The commissioner of taxation believes that the Australian Taxation Office's (ATO) project to replace the agency's decades-old core processing technology could be considered a "success story", despite the new system causing a delay in processing tax assessments last April.
The tax office last year implemented a new integrated core processing system, which attracted mainstream media attention when system problems caused a delay in processing 1 million tax assessments.
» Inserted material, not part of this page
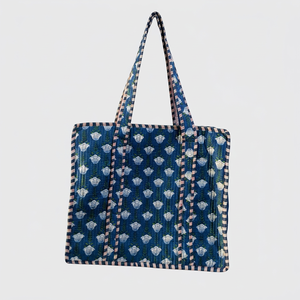 Elegante Bolso Tote con Estampado Floral Azul, Material de Algodón, Cierre Abierto, Bolso de Compras para Mujer, Estilo para Todas las Temporadas - Product Image 1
This also caused a delay in refunds for eligible taxpayers.
Last Friday, tax commissioner Michael D'Ascenzo told a federal government Joint Committee of Public Accounts and Audit (JCPAA) that he believed the recently completed project was a "success story" considering the level of complexity involved in replacing the decades-old technology used to process the country's tax returns.
"The new system is an achievement considering its complexity," D'Ascenzo said. "People don't appreciate the scale of changes that were made."
He said last April's delays were exacerbated by the agency quickly ramping up production on the new system, and the huge media scrutiny of the system problems, which prompted more taxpayers to complain and add to the agency's workload.
"It was exacerbated by some minor issues but it was just enough to break the camel's back."
ATO second commissioner David Butler told the joint committee that out of the 22 million assessments that have been processed by the new system, only 2000 were affected by a "calculation error".
He described the result as "very accurate", but admitted there were always going to be issues with the system.
"For a system as complex as this it's impossible to say there are no issues to worry about. It's more important to know about what the issues are and to do something about them."
In a submission to the committee, the ATO said it has commenced re-engineering business processes to optimise system capability.